No, no, no, non voglio, le mie mani cercano di coprirmi le cosce, di rimettere il vestito al suo posto ma non ci riescono, sono così piccole, sono così piccola, non sono abbastanza forte e il vestito rimane alzato. Non posso più rimetterlo giù, devo aver superato un punto di non ritorno a me sconosciuto.
Non puoi lasciarmi così, mi dice.
E io smetto di resistere.
La mia testa si spegne, la mia anima si annulla: dopo quella frase non ho ricordi.
Il giorno dopo un vuoto di memoria, una sensazione di angoscia, un dolore inspiegabile, sordo e bruciante e delle mutande piene di sangue nella borsetta.

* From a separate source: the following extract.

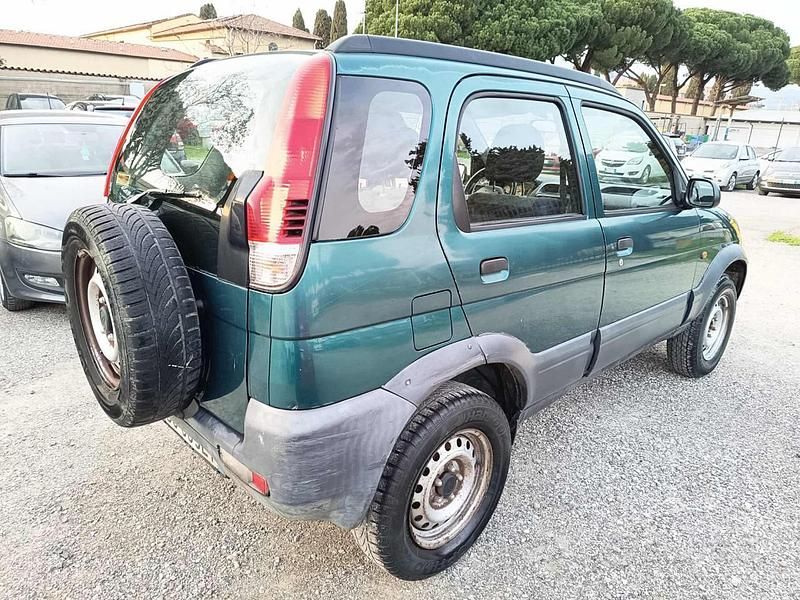 Usata Daihatsu Terios 83 CV (61 kW) 2002 Verde SUV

Avrei potuto fare un sacco di cose in quel momento. Ho optato per la più facile: un mc menù in offerta con la mia migliore amica e una pillola del giorno dopo. La mia prima pillola del giorno dopo.
Non è stato facile mandarla giù, io che odiavo le pillole e non riuscivo ad ingoiarle e che a quanto pare trovavo quella situazione estremamente divertente, divertente a tal punto da non riuscire a smettere di ridere, fino alle lacrime, lacrime che nel giro di un istante si sono trasformate in un pianto disperato.
Un pianto inconsapevole del suo significato, perché non potevo pensare di non aver voluto la mia prima volta, perché mi sentivo pienamente responsabile di ciò che mi era successo, mi sentivo l’unica responsabile.
In fondo, avevo messo io quel vestito, avevo bevuto io quegli shot di troppo, mi ero fatta offrire io da bere, e sempre io avevo voluto baciare quel ragazzo, avevo fatto tutto io.
Non c’erano divisioni di colpa, percentuali, l’unica colpevole ero solo io e per me stessa non avevo assoluzione. Gli altri, invece, non avevo bisogno di assolverli: non li avevo mai chiamati in giudizio.
Sul banco degli imputati sedevamo io, la mia colpa, la mia vergogna e la mia responsabilità.
Un pianto che non capivo, di cui avevo paura, un pianto che non volevo capire, perché volevo ancora sentirmi spensierata e leggera (che poi, in realtà, non mi sono mai sentita spensierata e leggera), con tutta la spensieratezza tipica dell’adolescenza, con tutta la leggerezza sbrilluccicante di quelle serate estive a piazza Trilussa.
Dopo quella pillola sono andata a fare shopping con mia zia e con un senso di vuoto che mi divorava, un vuoto che ero io.
Mia zia non si è accorta di niente.
E se non si era accorta di niente lei, che era la persona più importante della mia vita, che è stata per me amica, zia, sorella, cugina e nipote, nessuno si sarebbe accorto di niente.
E nessuno se n’è mai accorto.
In quel periodo mi sembrava una fortuna incredibile ma ora posso asserire con fermezza che non c’è niente di peggio dell’indifferenza, un’indifferenza che ti annulla, ti rende invisibile, ti fa sentire niente.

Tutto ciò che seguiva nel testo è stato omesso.